# Action item:
Reproduce the records that follow without alteration, apart from removing the pictures.

*** Excerpted data ***

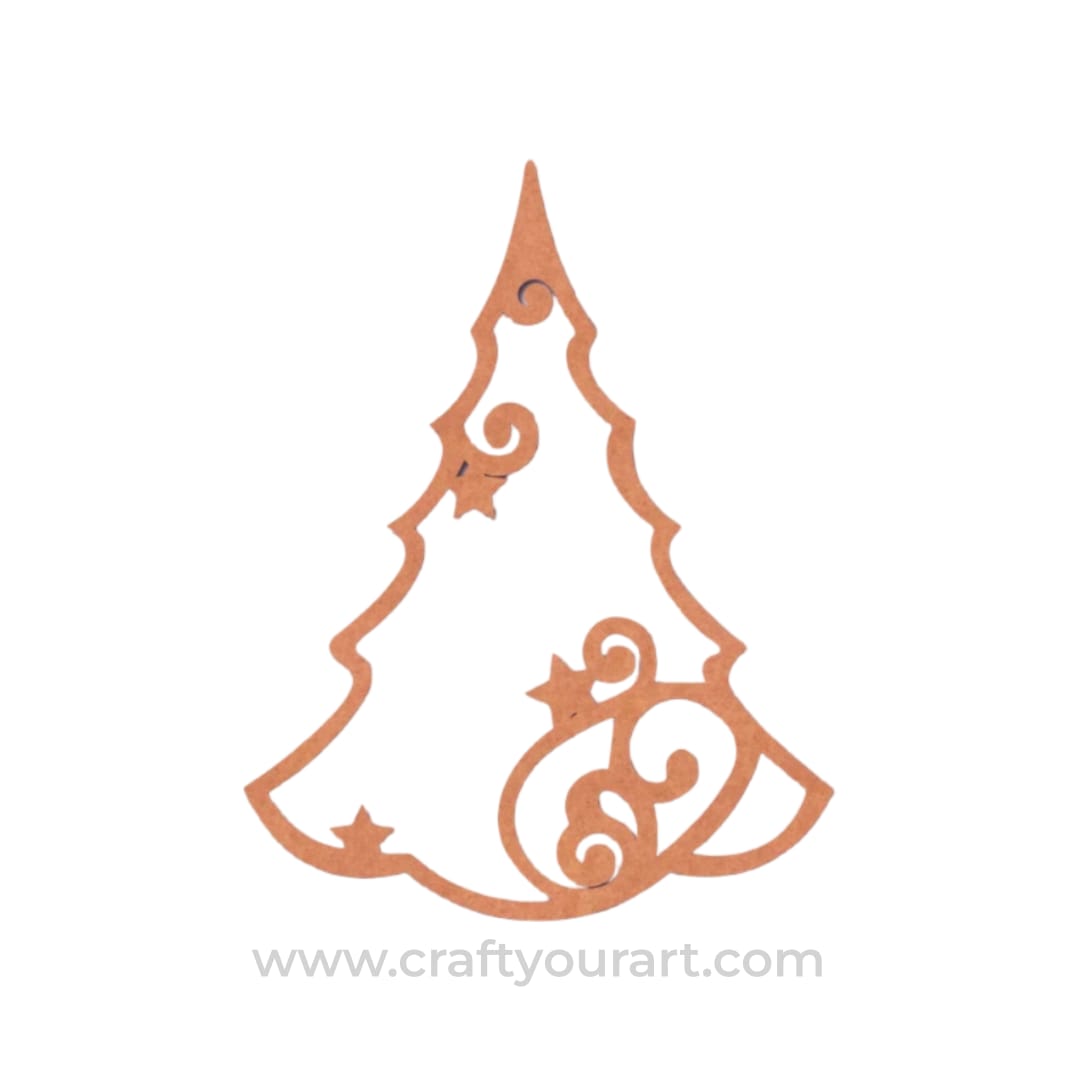 Christmas Tree Cutout MDF Design 4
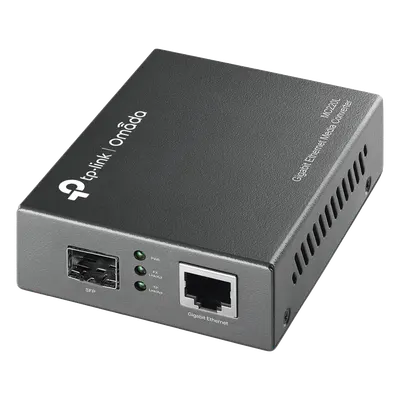 Convertidor de medios TP-Link MC220L con puerto SFP y RJ45 Gigabit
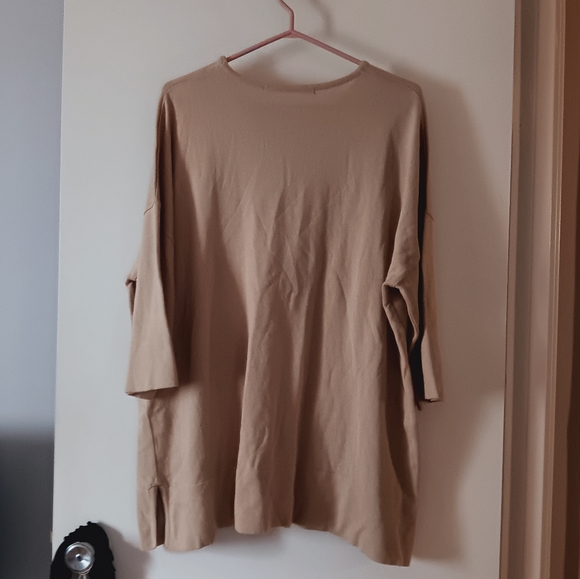 ELEMENTE CLEMENTE OSKA Oversized Camel Cotton Blend Sweater II L - Picture 3 of 5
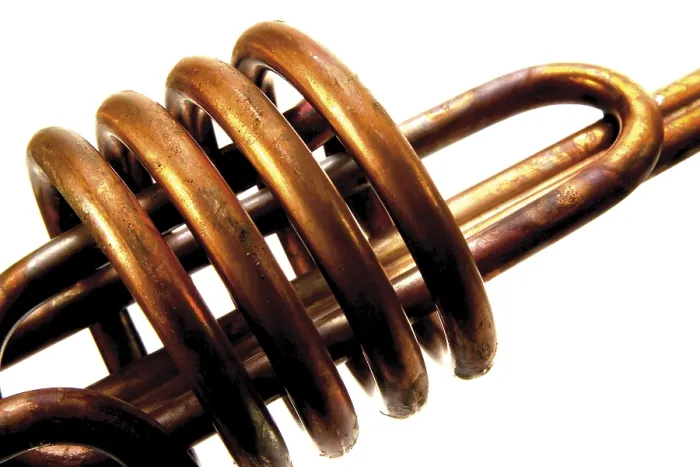 Framed Print : Copper Immersion Heater Print Framed Print : Copper Immersion Heater Print
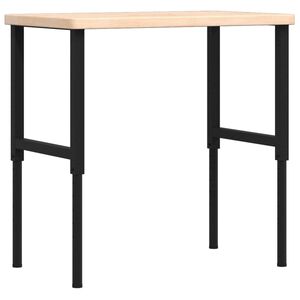 vidaXL Radni stol 100x60x(73-99,5) cm od masivne hrastovine pravokutni
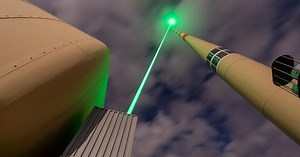 Car-size laser deflects lightning atop a mountain in Switzerland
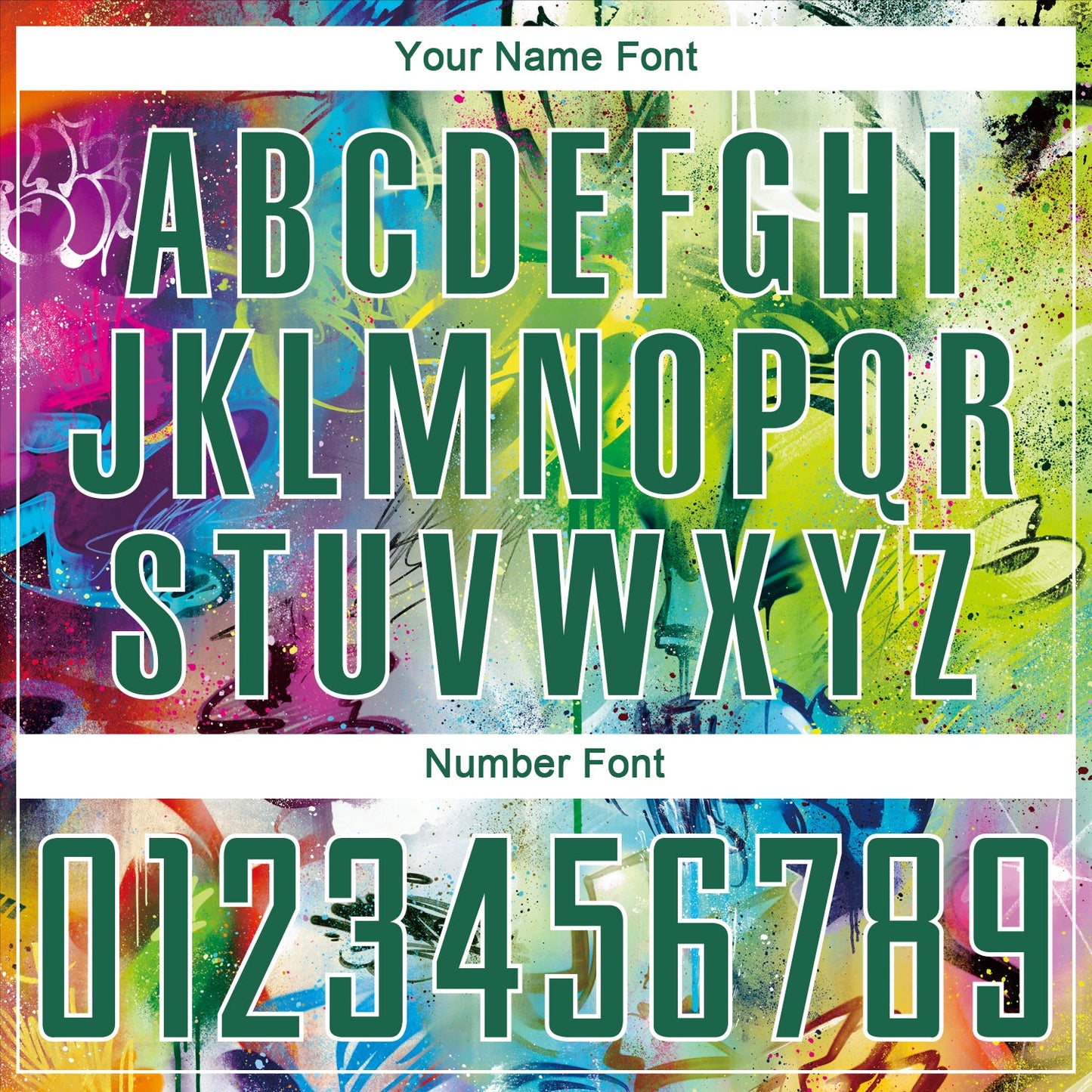 Custom Graffiti Pattern Kelly Green-White Sublimation Soccer Uniform Jersey - Sky-Custom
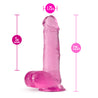 7.25 Inch Length B Yours Plus Rock N Roll in Pink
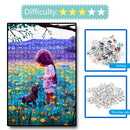 1000pcs DIY Garden Girl Dog Puzzle Educational Learning Assembling Toys A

*** End of Excerpted data ***

# Task solution:
 Christmas Tree Cutout MDF Design 4
 Convertidor de medios TP-Link MC220L con puerto SFP y RJ45 Gigabit
 ELEMENTE CLEMENTE OSKA Oversized Camel Cotton Blend Sweater II L - Picture 3 of 5
 Framed Print : Copper Immersion Heater Print Framed Print : Copper Immersion Heater Print
 vidaXL Radni stol 100x60x(73-99,5) cm od masivne hrastovine pravokutni
 Car-size laser deflects lightning atop a mountain in Switzerland
 Custom Graffiti Pattern Kelly Green-White Sublimation Soccer Uniform Jersey - Sky-Custom
 7.25 Inch Length B Yours Plus Rock N Roll in Pink
 1000pcs DIY Garden Girl Dog Puzzle Educational Learning Assembling Toys A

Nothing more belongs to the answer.